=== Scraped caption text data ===
********

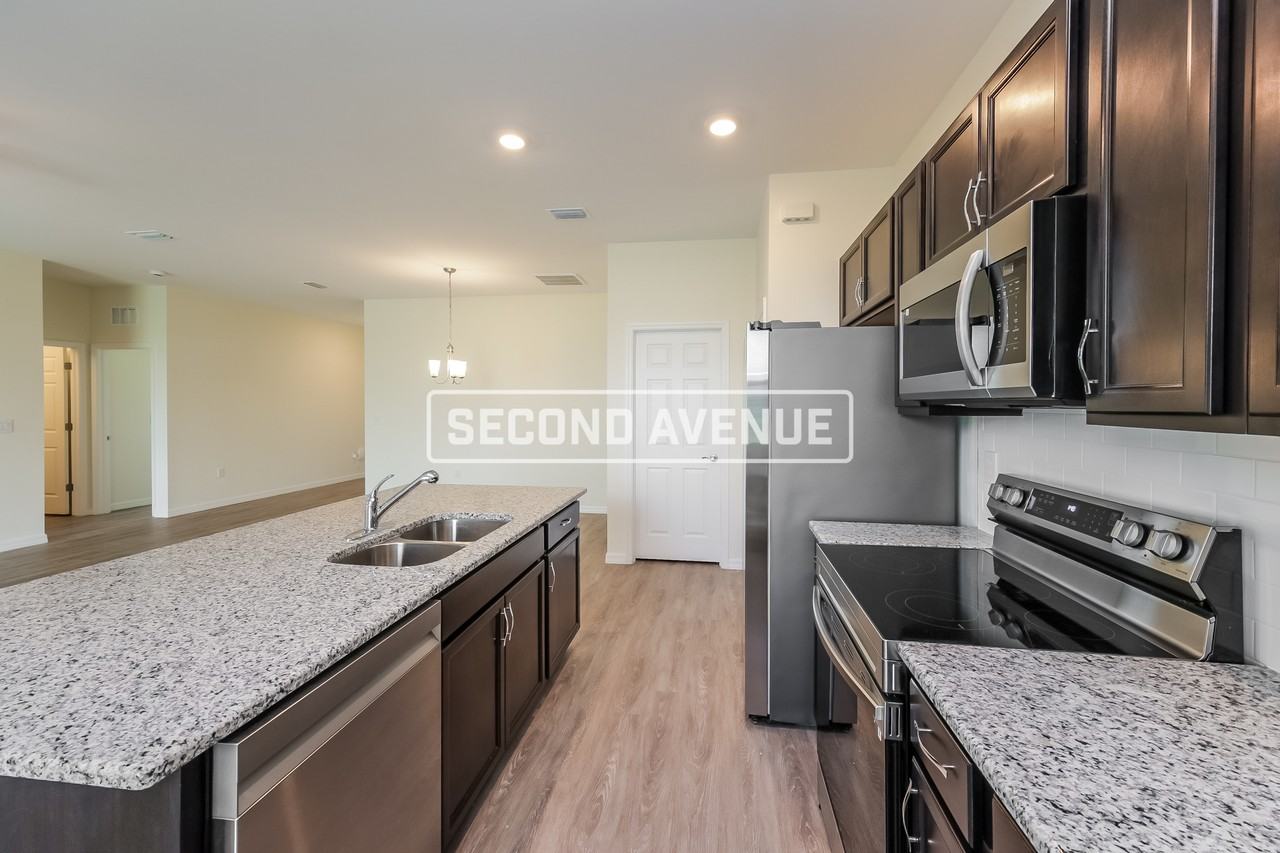 1411 Nw 9th Ave - Photo 2 of 21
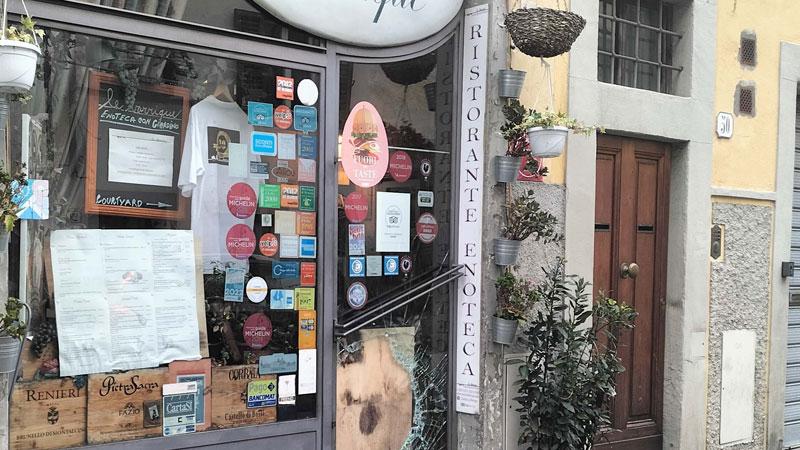 
	La spaccata in via del Leone

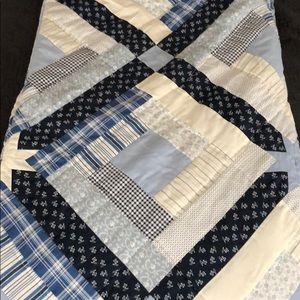 Beautiful blue quilt with matching shams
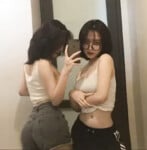 xin id 2 em gái tạo dáng cực nừngcbxdfgbxsrfcbgdxshb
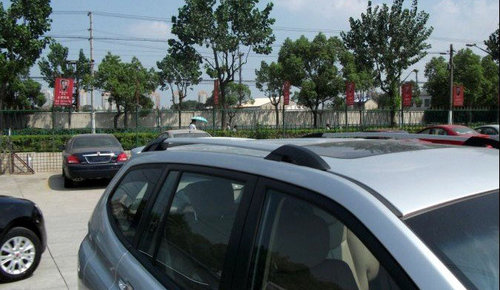 上市在即 荣威首款SUV W5多图谍照首曝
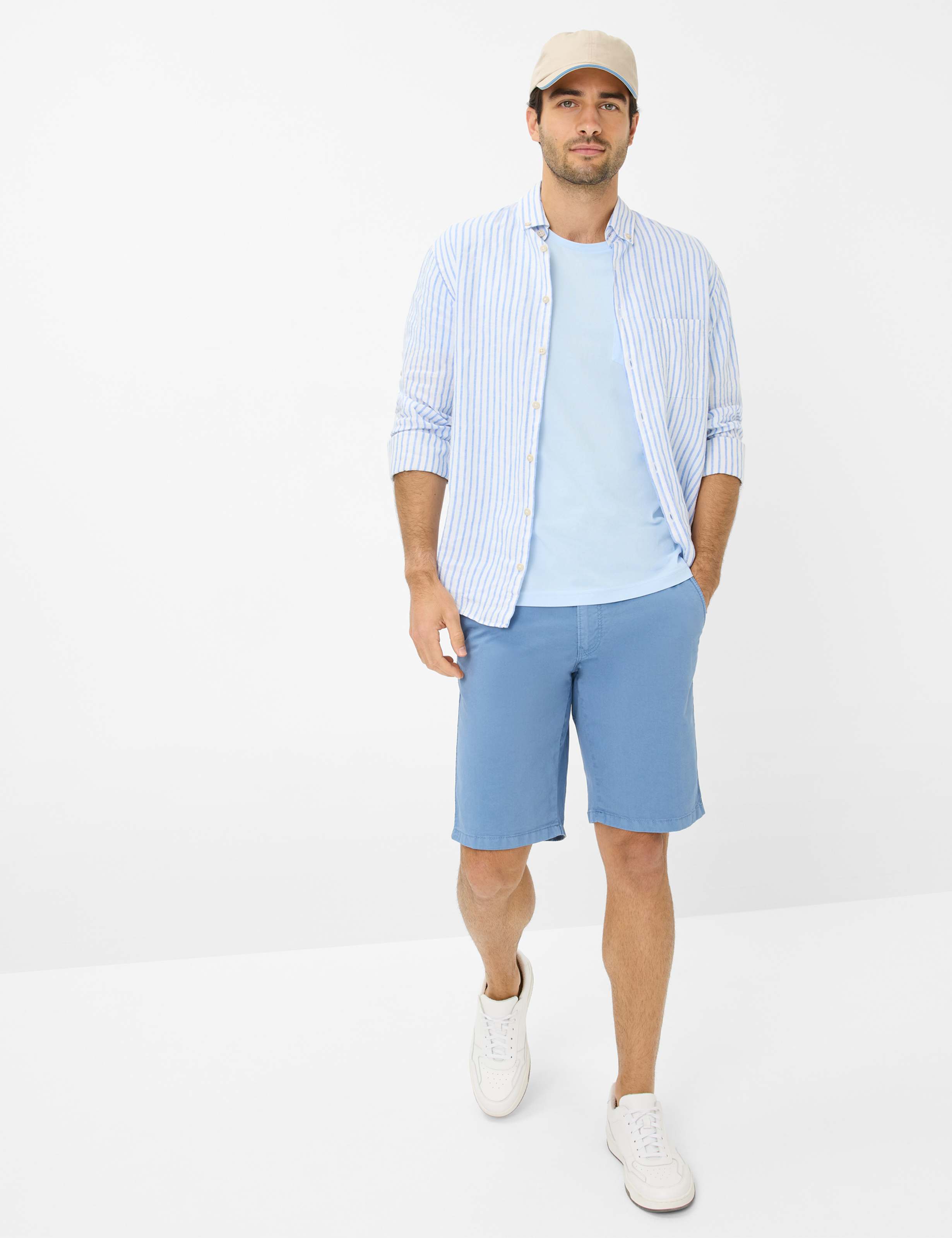 Herren Style TODD Hellblau  Model Outfit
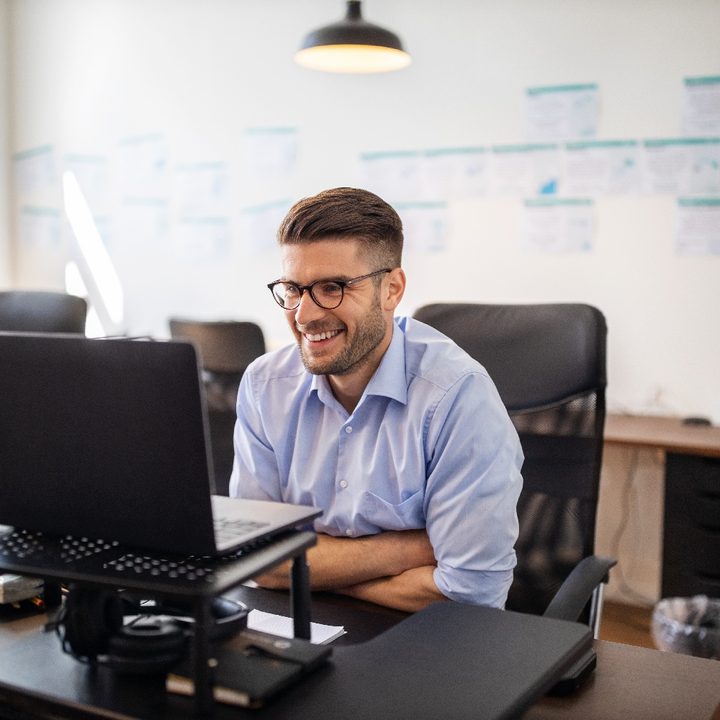 Un hombre trabaja en su computadora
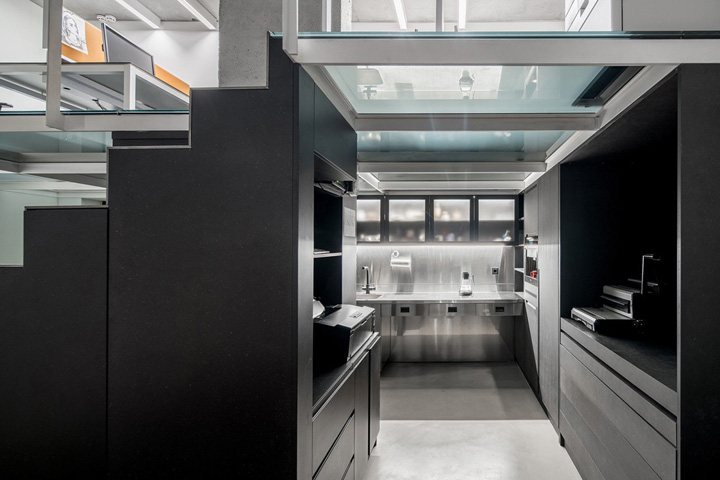 烏克蘭極簡黑白灰辦公室裝修設(shè)計案例賞析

********

=== Work instruction ===
The lines to reproduce run from the line containing "xin id 2 em" through the last line of the records above, both included. Copy them exactly and drop the pictures.

=== Solution to the exercise ===
 xin id 2 em gái tạo dáng cực nừngcbxdfgbxsrfcbgdxshb
 上市在即 荣威首款SUV W5多图谍照首曝
 Herren Style TODD Hellblau  Model Outfit
 Un hombre trabaja en su computadora
 烏克蘭極簡黑白灰辦公室裝修設(shè)計案例賞析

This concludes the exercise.